The International Syria Support Group (ISSG) warned that the unravelling of the 11-week cessation of hostilities could lead to a return to all-out war.
Those persistently breaching the truce could be excluded from it.
The ISSG also said that from June the UN would begin air drops of aid for all areas in need if ground access to besieged areas continued to be denied.
Diplomats want to encourage the opposition to resume indirect negotiations on a political settlement to end the five-year conflict, which has killed more than 250,000 people.
Opposition representatives suspended their participation in the last round in April in protest at mounting violence and stalled aid deliveries.

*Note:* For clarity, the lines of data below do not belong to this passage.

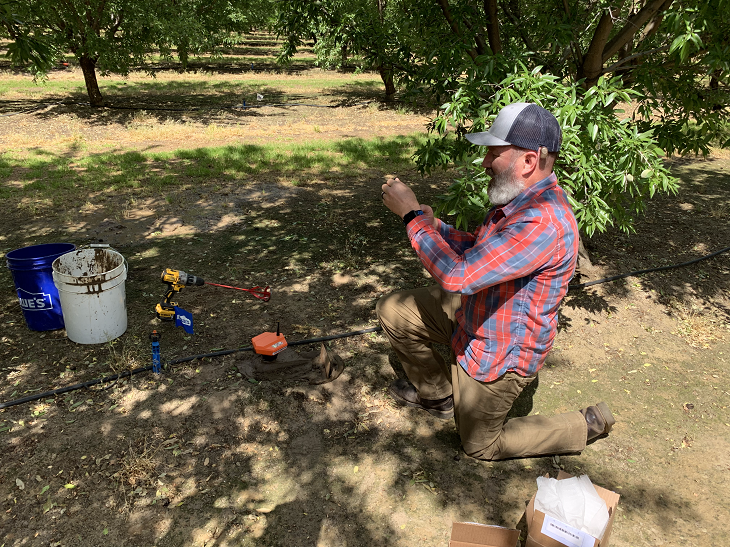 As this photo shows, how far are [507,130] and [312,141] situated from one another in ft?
33.3

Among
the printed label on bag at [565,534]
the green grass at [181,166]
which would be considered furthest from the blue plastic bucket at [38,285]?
the printed label on bag at [565,534]

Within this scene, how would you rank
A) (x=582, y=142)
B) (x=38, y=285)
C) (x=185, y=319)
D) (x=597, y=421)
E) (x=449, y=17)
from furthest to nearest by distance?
(x=449, y=17)
(x=185, y=319)
(x=38, y=285)
(x=582, y=142)
(x=597, y=421)

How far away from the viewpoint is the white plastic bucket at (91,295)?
13.6 ft

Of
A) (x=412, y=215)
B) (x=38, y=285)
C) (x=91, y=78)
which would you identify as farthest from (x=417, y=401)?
(x=91, y=78)

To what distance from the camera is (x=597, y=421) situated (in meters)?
3.46

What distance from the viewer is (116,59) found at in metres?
14.6

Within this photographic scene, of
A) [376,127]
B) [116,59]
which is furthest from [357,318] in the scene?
[116,59]

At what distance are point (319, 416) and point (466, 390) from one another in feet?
3.82

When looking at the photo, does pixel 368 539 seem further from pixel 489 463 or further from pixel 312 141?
pixel 312 141

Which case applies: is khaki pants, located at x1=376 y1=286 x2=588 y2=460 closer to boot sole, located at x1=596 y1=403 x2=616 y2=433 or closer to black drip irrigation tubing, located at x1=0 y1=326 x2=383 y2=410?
boot sole, located at x1=596 y1=403 x2=616 y2=433

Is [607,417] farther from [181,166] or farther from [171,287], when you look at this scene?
[181,166]

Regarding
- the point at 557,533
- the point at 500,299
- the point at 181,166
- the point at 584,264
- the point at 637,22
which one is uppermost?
the point at 637,22

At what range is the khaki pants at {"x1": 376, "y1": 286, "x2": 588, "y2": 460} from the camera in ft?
10.3

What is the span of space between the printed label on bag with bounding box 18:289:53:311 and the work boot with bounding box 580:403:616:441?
4319mm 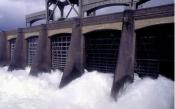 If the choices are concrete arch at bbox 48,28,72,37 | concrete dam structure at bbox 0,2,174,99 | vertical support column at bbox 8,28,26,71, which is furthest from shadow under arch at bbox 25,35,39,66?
concrete arch at bbox 48,28,72,37

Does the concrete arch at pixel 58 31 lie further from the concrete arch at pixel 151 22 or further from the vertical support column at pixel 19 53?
the concrete arch at pixel 151 22

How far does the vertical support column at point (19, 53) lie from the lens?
23062 millimetres

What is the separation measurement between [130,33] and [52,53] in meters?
8.12

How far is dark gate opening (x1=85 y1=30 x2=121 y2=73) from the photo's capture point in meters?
15.6

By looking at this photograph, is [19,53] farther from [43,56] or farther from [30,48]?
[43,56]

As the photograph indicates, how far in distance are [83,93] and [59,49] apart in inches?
216

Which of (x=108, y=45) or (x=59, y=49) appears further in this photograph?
(x=59, y=49)

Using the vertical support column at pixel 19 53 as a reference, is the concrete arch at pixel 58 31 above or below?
above

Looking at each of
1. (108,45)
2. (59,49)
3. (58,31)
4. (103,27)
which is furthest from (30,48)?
(103,27)

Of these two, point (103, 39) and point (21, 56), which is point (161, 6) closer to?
point (103, 39)

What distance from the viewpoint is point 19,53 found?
23.2 metres

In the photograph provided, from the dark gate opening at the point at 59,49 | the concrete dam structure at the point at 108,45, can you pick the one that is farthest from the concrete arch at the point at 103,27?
the dark gate opening at the point at 59,49

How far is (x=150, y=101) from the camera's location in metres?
11.7

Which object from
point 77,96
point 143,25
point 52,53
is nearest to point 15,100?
point 77,96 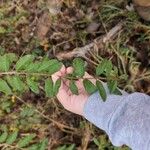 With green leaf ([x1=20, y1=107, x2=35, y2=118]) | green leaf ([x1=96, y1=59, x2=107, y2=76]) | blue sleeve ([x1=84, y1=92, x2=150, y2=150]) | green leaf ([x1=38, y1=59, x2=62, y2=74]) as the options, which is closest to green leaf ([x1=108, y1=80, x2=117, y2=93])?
green leaf ([x1=96, y1=59, x2=107, y2=76])

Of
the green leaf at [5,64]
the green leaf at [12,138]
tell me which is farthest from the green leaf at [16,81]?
the green leaf at [12,138]

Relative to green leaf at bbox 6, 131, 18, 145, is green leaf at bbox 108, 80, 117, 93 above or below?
above

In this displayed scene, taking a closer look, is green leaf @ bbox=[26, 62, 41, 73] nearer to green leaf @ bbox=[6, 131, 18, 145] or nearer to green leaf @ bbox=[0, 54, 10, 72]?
green leaf @ bbox=[0, 54, 10, 72]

In the latest fighting, 50 people were reportedly killed in clashes between rival rebel factions outside Damascus.
The Syrian Observatory for Human Rights said the fighting in the Eastern Ghouta region involved members of Jaish al-Islam, which is part of the main which is part of the opposition High Negotiations Committee (HNC), and Faylaq al-Rahman, backed by jihadist militants from al-Nusra Front.
More than 500 people had now been killed since the rebel infighting erupted in late April, the UK-based monitoring group added.
Tuesday's meeting in Vienna involved 21 countries and organisations in the ISSG, many of which have intervened directly or indirectly in Syria's five-year civil war.
They include the US, UK, France, Germany, Saudi Arabia and Turkey, which support the opposition, along with Russia and Iran, which back President Bashar al-Assad's government.
The ISSG has set a deadline of 1 August for the formation of a transitional government in Syria, leading to elections within 18 months.
However, government negotiators have shown no sign of engaging in substantive talks on the matter, with the future of President Assad the main sticking point.
US Secretary of State John Kerry said: "A variety of competing interests are going to have to be reconciled.
"Those involved in this conflict with competing agendas are going to have to prioritise peace."
Mr Kerry called on all sides to intensify efforts to stop all indiscriminate use of force, stop bombing civilian areas, and disavow any link with the jihadist groups, Islamic State (IS) and al-Nusra Front, which are excluded from the cessation of hostilities.
Russia's Foreign Minister Sergei Lavrov also stressed that all sides had to seek a compromise in the political aspect of the peace talks.
The UN special envoy for Syria, Staffan de Mistura, reportedly hopes to launch a new round of negotiations in Geneva by the end of May.
But the Italian-Swedish diplomat said he could not issue invitations until a "credible" ceasefire was in place.
Meanwhile, Saudi Arabia's foreign minister said the opposition's allies needed to consider a "Plan B" if the talks failed.
"The choice about intensifying the military support is entirely with the Bashar regime. If they do not respond to the treaties of the international community then we will have to see what else can be done," Adel al-Jubeir warned.
In April, US media reports suggested Washington was ready to provide rebel forces with much more sophisticated weapons to strengthen their hand.